**EXERCISE REQUIREMENTS:** Please return the records below exactly as they stand.

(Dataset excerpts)
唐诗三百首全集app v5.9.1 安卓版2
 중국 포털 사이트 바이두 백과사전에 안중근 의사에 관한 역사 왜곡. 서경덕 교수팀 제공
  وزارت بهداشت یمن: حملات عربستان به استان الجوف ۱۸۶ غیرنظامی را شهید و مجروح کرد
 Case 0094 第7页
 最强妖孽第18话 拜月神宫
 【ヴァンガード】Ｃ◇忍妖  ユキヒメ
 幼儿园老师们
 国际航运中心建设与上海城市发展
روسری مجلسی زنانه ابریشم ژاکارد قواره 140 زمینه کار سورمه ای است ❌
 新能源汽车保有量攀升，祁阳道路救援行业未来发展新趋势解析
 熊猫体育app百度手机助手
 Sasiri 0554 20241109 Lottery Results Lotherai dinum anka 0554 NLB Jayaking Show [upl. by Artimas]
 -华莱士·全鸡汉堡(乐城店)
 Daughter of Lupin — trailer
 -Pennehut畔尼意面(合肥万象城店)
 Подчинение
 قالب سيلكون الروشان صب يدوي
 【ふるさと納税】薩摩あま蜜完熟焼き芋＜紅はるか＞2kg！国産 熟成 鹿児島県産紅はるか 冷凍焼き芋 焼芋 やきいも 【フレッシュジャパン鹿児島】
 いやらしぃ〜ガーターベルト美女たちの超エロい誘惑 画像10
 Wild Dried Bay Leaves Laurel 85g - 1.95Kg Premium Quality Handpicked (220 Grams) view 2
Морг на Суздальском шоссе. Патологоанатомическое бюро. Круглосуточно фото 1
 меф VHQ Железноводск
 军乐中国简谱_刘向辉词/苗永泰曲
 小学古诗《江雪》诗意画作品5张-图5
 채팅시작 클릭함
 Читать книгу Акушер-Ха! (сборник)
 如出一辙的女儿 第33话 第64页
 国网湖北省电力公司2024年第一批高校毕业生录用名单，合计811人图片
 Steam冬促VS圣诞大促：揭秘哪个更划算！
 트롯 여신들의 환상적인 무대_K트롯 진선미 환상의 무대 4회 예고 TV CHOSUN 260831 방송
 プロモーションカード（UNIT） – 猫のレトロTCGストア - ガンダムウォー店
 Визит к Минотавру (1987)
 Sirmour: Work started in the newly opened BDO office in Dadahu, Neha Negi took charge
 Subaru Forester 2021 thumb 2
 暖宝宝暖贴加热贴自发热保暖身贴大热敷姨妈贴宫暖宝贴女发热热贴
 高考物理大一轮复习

**ANSWER SPACE:**
唐诗三百首全集app v5.9.1 安卓版2
 중국 포털 사이트 바이두 백과사전에 안중근 의사에 관한 역사 왜곡. 서경덕 교수팀 제공
  وزارت بهداشت یمن: حملات عربستان به استان الجوف ۱۸۶ غیرنظامی را شهید و مجروح کرد
 Case 0094 第7页
 最强妖孽第18话 拜月神宫
 【ヴァンガード】Ｃ◇忍妖  ユキヒメ
 幼儿园老师们
 国际航运中心建设与上海城市发展
روسری مجلسی زنانه ابریشم ژاکارد قواره 140 زمینه کار سورمه ای است ❌
 新能源汽车保有量攀升，祁阳道路救援行业未来发展新趋势解析
 熊猫体育app百度手机助手
 Sasiri 0554 20241109 Lottery Results Lotherai dinum anka 0554 NLB Jayaking Show [upl. by Artimas]
 -华莱士·全鸡汉堡(乐城店)
 Daughter of Lupin — trailer
 -Pennehut畔尼意面(合肥万象城店)
 Подчинение
 قالب سيلكون الروشان صب يدوي
 【ふるさと納税】薩摩あま蜜完熟焼き芋＜紅はるか＞2kg！国産 熟成 鹿児島県産紅はるか 冷凍焼き芋 焼芋 やきいも 【フレッシュジャパン鹿児島】
 いやらしぃ〜ガーターベルト美女たちの超エロい誘惑 画像10
 Wild Dried Bay Leaves Laurel 85g - 1.95Kg Premium Quality Handpicked (220 Grams) view 2
Морг на Суздальском шоссе. Патологоанатомическое бюро. Круглосуточно фото 1
 меф VHQ Железноводск
 军乐中国简谱_刘向辉词/苗永泰曲
 小学古诗《江雪》诗意画作品5张-图5
 채팅시작 클릭함
 Читать книгу Акушер-Ха! (сборник)
 如出一辙的女儿 第33话 第64页
 国网湖北省电力公司2024年第一批高校毕业生录用名单，合计811人图片
 Steam冬促VS圣诞大促：揭秘哪个更划算！
 트롯 여신들의 환상적인 무대_K트롯 진선미 환상의 무대 4회 예고 TV CHOSUN 260831 방송
 プロモーションカード（UNIT） – 猫のレトロTCGストア - ガンダムウォー店
 Визит к Минотавру (1987)
 Sirmour: Work started in the newly opened BDO office in Dadahu, Neha Negi took charge
 Subaru Forester 2021 thumb 2
 暖宝宝暖贴加热贴自发热保暖身贴大热敷姨妈贴宫暖宝贴女发热热贴
 高考物理大一轮复习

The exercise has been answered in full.